We’ve built a prototype to show how we could interact with the Internet using a command-driven approach.
- A screen reader, but one that uses machine learning and natural language processing, in order to better understand both what the user wants to do, and what the web page says.
- One that can offer a conversational interface instead of just reading out everything on the page.
It’s a proof-of-concept, but it’s an exciting idea with a lot of potential and we’ve got a demo that shows it in action.
I wrote yesterday about what it was like going to the BBC to talk about a project I’ve been working on this summer. I didn’t talk about the project itself. Here’s an overview.
The problem : screen readers today
I’ve written about this before but here is a recap.
Visually impaired people can interact with the web using screen readers. These read out every element on a page.
The user has to make a mental model of the structure of the page as it’s read out, and keep this in their head as they arrow-key around the page.
For example, on a news site’s front page, once the screen reader has read out the page, you have to remember if the story you want is the fifth or sixth story in the list so you can tab the right number of times to get to it.
Imagine an automated telephone menu:
“for blah-blah-blah, press 1, for blather-blather-blather, press 2, for something-or-other, press 3 … for something-else-vague, press 9 …”
Imagine this menu was so long it took 15 minutes or more to read.
Imagine none of the options are an exact match for what you want. But by the time you get to the end, you can’t remember whether the closest match was the third or fourth, or fiftieth option.

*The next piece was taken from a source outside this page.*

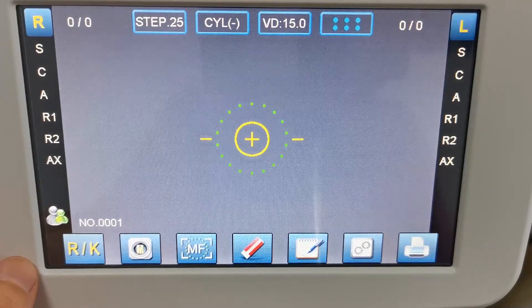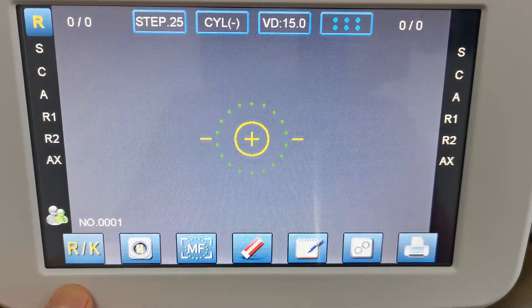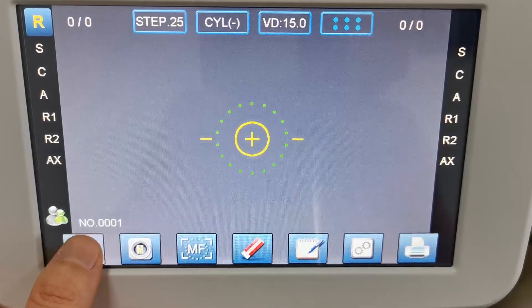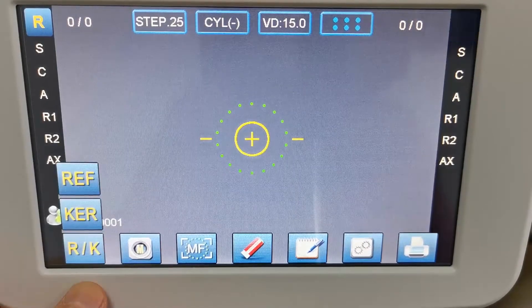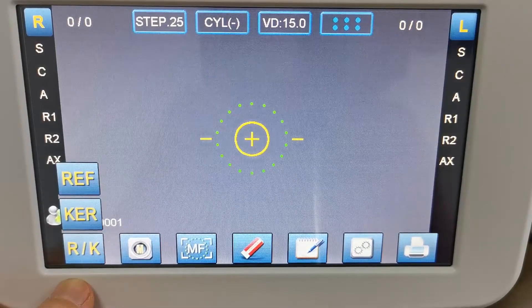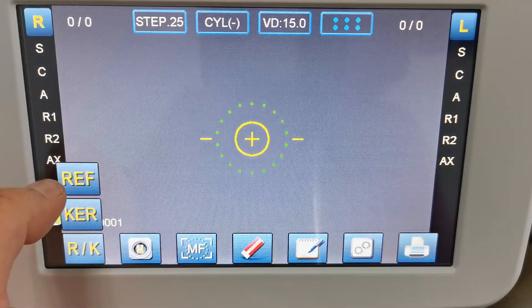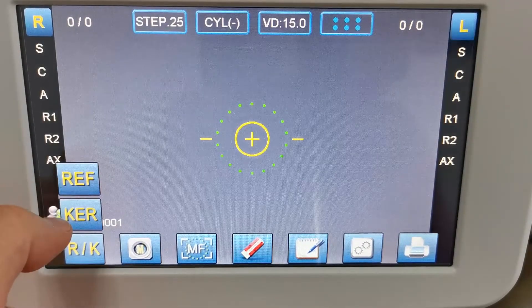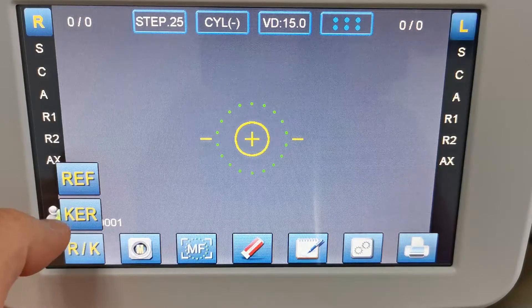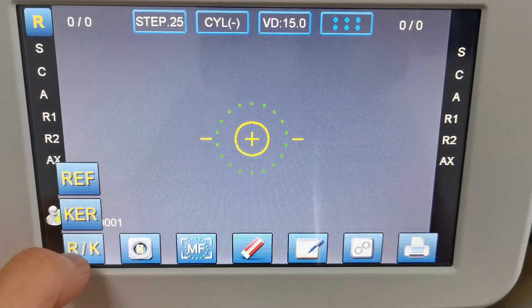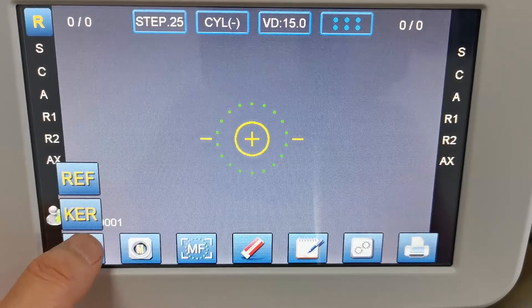And then the main menu here — the first button is to switch between refractor measurement, keratometer measurement, or both measurements together mode.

The vision : a Conversational Internet
Software could be smarter.
If it understood more about the web page, it could describe it at a higher, task-oriented level. It could read out the relevant bits, instead of everything.
If it understood more about what the user wants to do, the user could just say that, instead of working out the manual navigation steps themselves.
The vision is software that can interpret web pages and offer a conversational interface to web browsing.
Making the vision a reality
This idea came from a meeting that I wrote about last year with the RLSB : a charity for the blind.
I was convinced that we could do something amazing here. Earlier this year, I proposed it as an Extreme Blue project. It was accepted, and this summer I’ve mentored a group of interns who did amazing work on turning the vision into a prototype.
I want to talk about Extreme Blue, but I’ll save that for another post.
The prototype : what it does
We’ve developed a prototype that shows what the Conversational Internet could be like.
It is a proof-of-concept that can interpret many websites. In response to commands, it can navigate around them, and identify areas of the page, and the types of text and media. It can use this to provide a speech response with the information that the user wanted.
Commands can be typed, or provided as speech input.
The prototype : what it is
Our prototype is built using a UIMA architecture. It is made up of pipelines of discrete annotators, each using a different strategy to try and identify meaning behind areas of the web page the user is viewing.
Some of these strategies include using natural language processing (using IBM’s LanguageWare) to interpret meaning behind text.
Some use machine learning (using IBM’s SPSS Modeler) to learn from patterns in trends in the way web pages are structured and organised.
Architecture : the idea
There are two main tasks here.
- Interpreting the web page that the user has just visited.
- Responding to commands about the page
Firstly: Understanding the web page
When the user visits a webpage, the system needs to try and interpret it.
The contents of the web page – both the text contents, and the DOM structure of the HTML markup, including any semantic tags used – go through a UIMA analysis engine. It goes through a pipeline made up of several annotators, each of which is looking for something different in the page.
By itself, no one of these strategies are fool-proof. But they’re not stand-alone applications. As elements in a pipeline, contributing a strategy to a collection of results, they’re each useful indicators. Each of the annotators in each stage of analysis contributes it’s own metadata, building up our picture of what the page contains.
Secondly: Responding to commands
Once analysed, the system is ready to react to commands about the web page.
The prototype : status
This is not a finished, fully-implemented product. It’s an early work-in-progress. It’s not yet truly general purpose, and many of the key components are hard-coded or stubbed out.
However, there are real example implementations of each of the concepts and ideas in the vision, showing that the basic idea has potential and that these technologies are a good fit for this challenge. And the UIMA pipelines are real and coordinating the work, demonstrating that the architecture is sound.